Joel Andrews: Weather Journal, and the Murder of Emily Cooper


page from Joel Andrew's weather journal

             Joel also kept a weather journal. From 1800, to 1864-- a year before his death-- he noted the weather each day on scrap sheets of paper, and when in his 80’s copied them into a bound journal. There are numerous spelling and grammar mistakes, probably due to his advanced age and declining mental powers, although possibly he had had help in editing his memoir, which was written more skillfully.

            The journal begins with a preface:

"A register of the Several rains snow storms depths of each snow hale and thunder with some account of the weather each day and some other events worthy of notice. I shall pute down S for Sunday F for forenoon, A for after noon.
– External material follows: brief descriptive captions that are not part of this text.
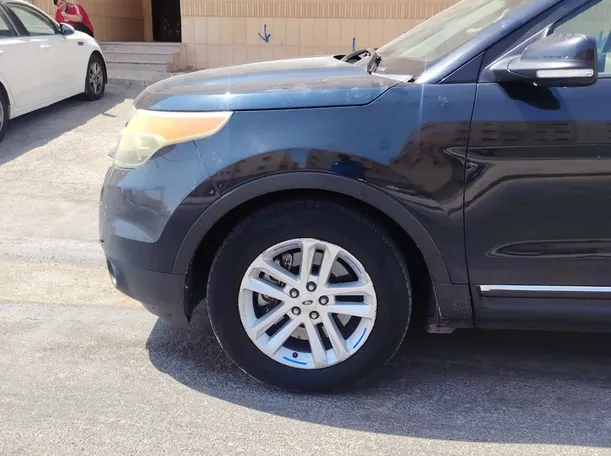 Car image 9
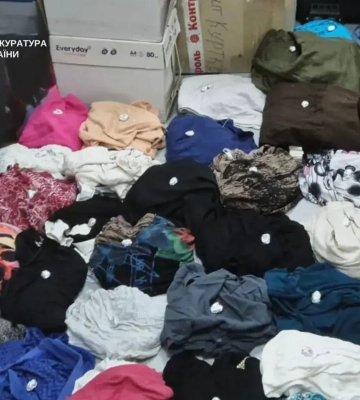 У Києві спирт перетворювали на "елітний" алкоголь відомих брендів: роботу нелегального цеху зупинено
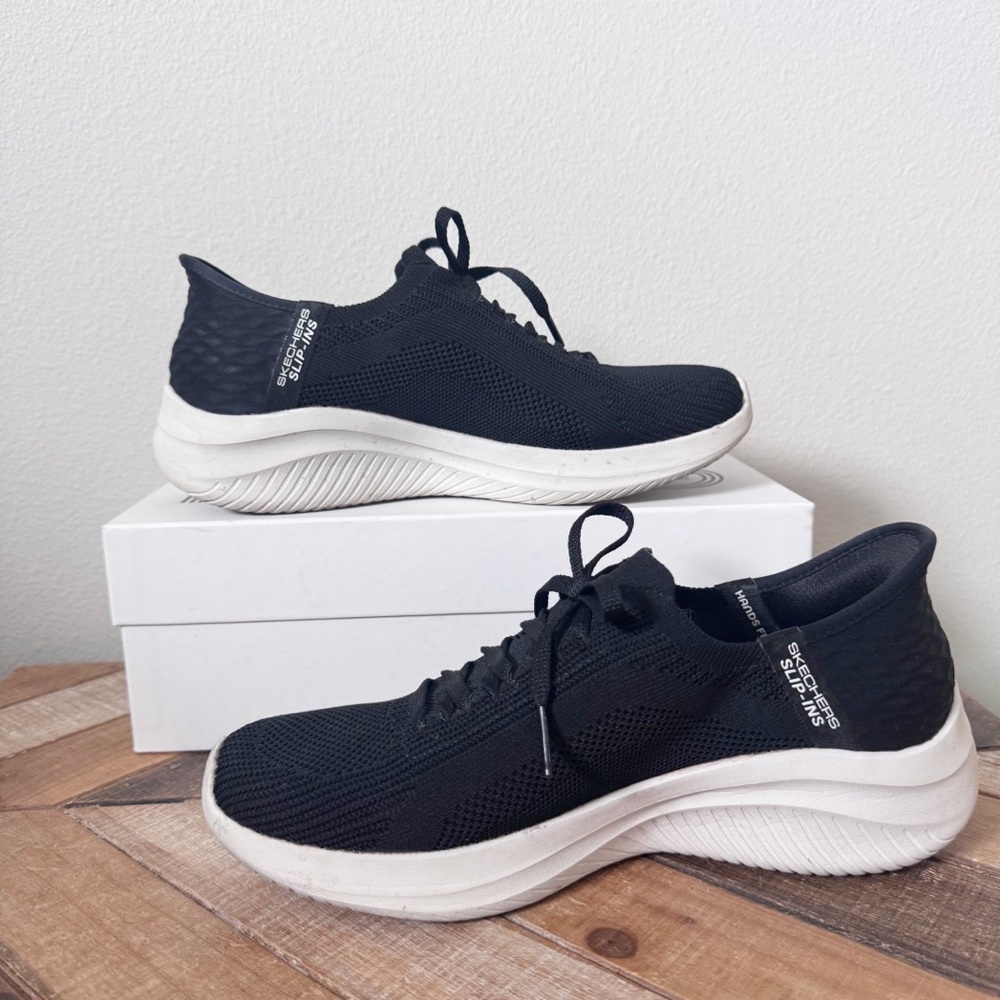 Skechers Women's Hands Free Slip-Ins Ultra Flex 3.0 Brilliant Wide Width Sneaker - Picture 2 of 13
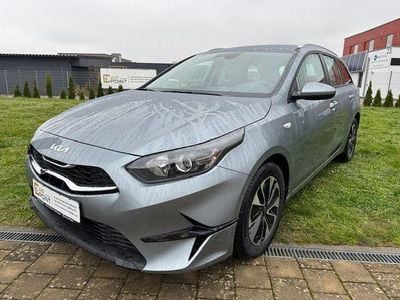 Neu Kia Ceed Sportswagon 140 PS (102 kW) 2025 Silber Kombi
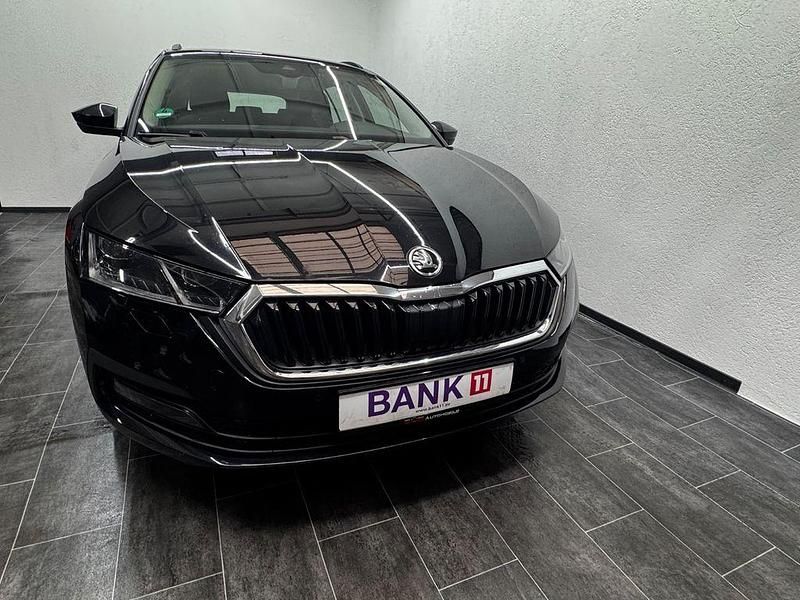 Gebraucht Skoda Octavia Ambition 116 PS (85 kW) 2022 Schwarz Kombi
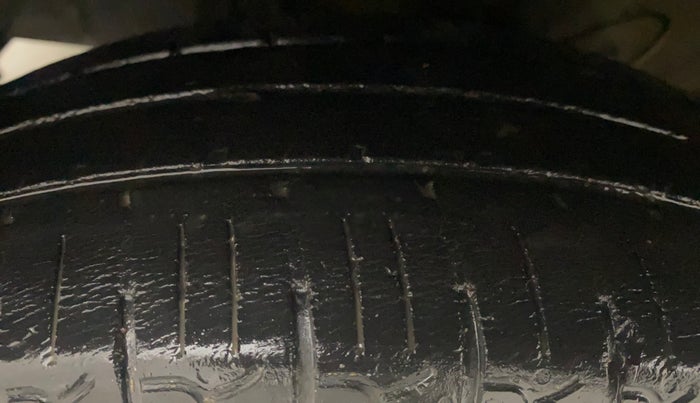 2021 Hyundai NEW SANTRO MAGNA, Petrol, Manual, 59,142 km, Left Front Tyre Tread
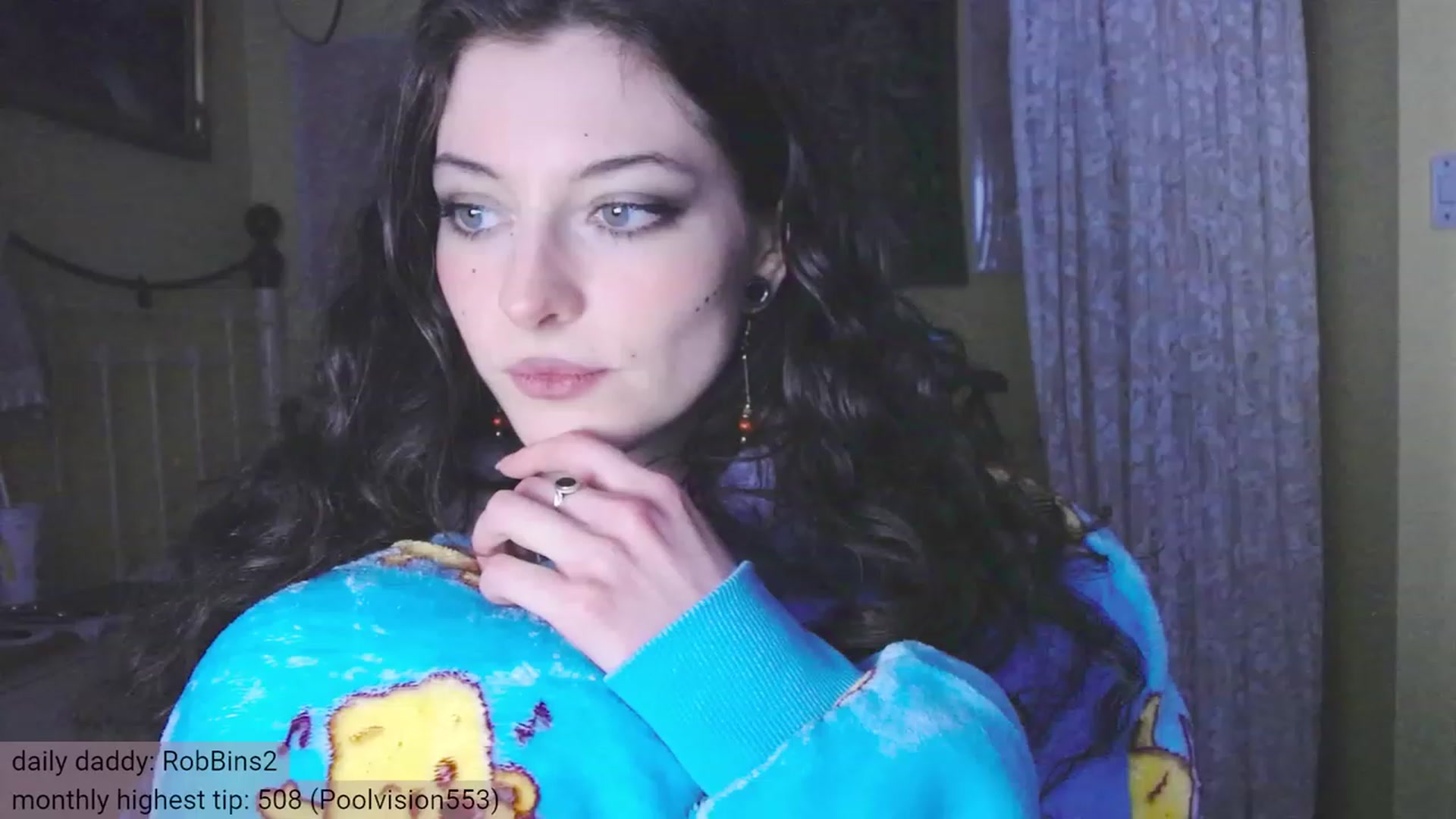 Gallery image thumbnail from viola__'s myfreecams stream on, 01/12/2024, 16:59 image 15 of 20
This record I have keep for a good many years I rote it on separate sheats of paper they was lying about in my chist separate and I thought I would coppy them of into a book and I began about it April 5 1858 when I was in my eighty secant year. Th stands for Thanksgivin F for fast N for new moon F for fool moon M for morning.

August 20-1858 this day I finist coppein of this record I have made some blounders and I do not know as it is any thing to be wonder at considren my age for my head is ease puseled but those blunders I have rectifide I do not expect it will be any youse to me very long for I do not expect to continer long but I hope it will be some satisfaction to some body."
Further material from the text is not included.